■ **EXERCISE**
Every record must be retyped exactly as it reads.

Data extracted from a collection
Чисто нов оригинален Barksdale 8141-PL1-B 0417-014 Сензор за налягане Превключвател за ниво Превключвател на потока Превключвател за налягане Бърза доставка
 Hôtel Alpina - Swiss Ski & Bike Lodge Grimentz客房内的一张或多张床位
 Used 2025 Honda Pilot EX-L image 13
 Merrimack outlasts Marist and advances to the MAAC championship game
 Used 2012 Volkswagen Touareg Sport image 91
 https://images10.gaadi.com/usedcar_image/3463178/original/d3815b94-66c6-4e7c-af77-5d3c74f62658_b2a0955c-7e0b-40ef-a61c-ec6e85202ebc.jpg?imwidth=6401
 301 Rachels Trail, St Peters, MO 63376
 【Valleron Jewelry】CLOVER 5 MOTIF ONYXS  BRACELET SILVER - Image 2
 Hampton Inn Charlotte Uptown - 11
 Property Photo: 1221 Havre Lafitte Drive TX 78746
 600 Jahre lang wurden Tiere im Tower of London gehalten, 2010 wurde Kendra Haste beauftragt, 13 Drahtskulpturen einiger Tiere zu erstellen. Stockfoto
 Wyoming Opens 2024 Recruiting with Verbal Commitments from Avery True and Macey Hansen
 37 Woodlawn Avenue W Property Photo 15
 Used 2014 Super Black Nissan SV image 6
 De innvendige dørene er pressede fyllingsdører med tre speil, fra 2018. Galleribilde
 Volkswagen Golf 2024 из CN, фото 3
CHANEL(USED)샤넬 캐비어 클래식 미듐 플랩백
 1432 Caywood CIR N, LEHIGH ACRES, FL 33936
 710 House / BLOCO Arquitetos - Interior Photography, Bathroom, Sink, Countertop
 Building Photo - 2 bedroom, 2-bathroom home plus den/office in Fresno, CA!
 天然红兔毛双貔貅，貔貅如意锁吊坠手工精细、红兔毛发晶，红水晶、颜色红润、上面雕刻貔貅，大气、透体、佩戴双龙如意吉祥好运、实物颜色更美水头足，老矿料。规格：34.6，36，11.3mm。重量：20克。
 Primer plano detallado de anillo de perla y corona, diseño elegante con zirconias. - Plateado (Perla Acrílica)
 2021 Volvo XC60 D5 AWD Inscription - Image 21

■ **RESPONSE TO THIS EXERCISE**
Чисто нов оригинален Barksdale 8141-PL1-B 0417-014 Сензор за налягане Превключвател за ниво Превключвател на потока Превключвател за налягане Бърза доставка
 Hôtel Alpina - Swiss Ski & Bike Lodge Grimentz客房内的一张或多张床位
 Used 2025 Honda Pilot EX-L image 13
 Merrimack outlasts Marist and advances to the MAAC championship game
 Used 2012 Volkswagen Touareg Sport image 91
 https://images10.gaadi.com/usedcar_image/3463178/original/d3815b94-66c6-4e7c-af77-5d3c74f62658_b2a0955c-7e0b-40ef-a61c-ec6e85202ebc.jpg?imwidth=6401
 301 Rachels Trail, St Peters, MO 63376
 【Valleron Jewelry】CLOVER 5 MOTIF ONYXS  BRACELET SILVER - Image 2
 Hampton Inn Charlotte Uptown - 11
 Property Photo: 1221 Havre Lafitte Drive TX 78746
 600 Jahre lang wurden Tiere im Tower of London gehalten, 2010 wurde Kendra Haste beauftragt, 13 Drahtskulpturen einiger Tiere zu erstellen. Stockfoto
 Wyoming Opens 2024 Recruiting with Verbal Commitments from Avery True and Macey Hansen
 37 Woodlawn Avenue W Property Photo 15
 Used 2014 Super Black Nissan SV image 6
 De innvendige dørene er pressede fyllingsdører med tre speil, fra 2018. Galleribilde
 Volkswagen Golf 2024 из CN, фото 3
CHANEL(USED)샤넬 캐비어 클래식 미듐 플랩백
 1432 Caywood CIR N, LEHIGH ACRES, FL 33936
 710 House / BLOCO Arquitetos - Interior Photography, Bathroom, Sink, Countertop
 Building Photo - 2 bedroom, 2-bathroom home plus den/office in Fresno, CA!
 天然红兔毛双貔貅，貔貅如意锁吊坠手工精细、红兔毛发晶，红水晶、颜色红润、上面雕刻貔貅，大气、透体、佩戴双龙如意吉祥好运、实物颜色更美水头足，老矿料。规格：34.6，36，11.3mm。重量：20克。
 Primer plano detallado de anillo de perla y corona, diseño elegante con zirconias. - Plateado (Perla Acrílica)
 2021 Volvo XC60 D5 AWD Inscription - Image 21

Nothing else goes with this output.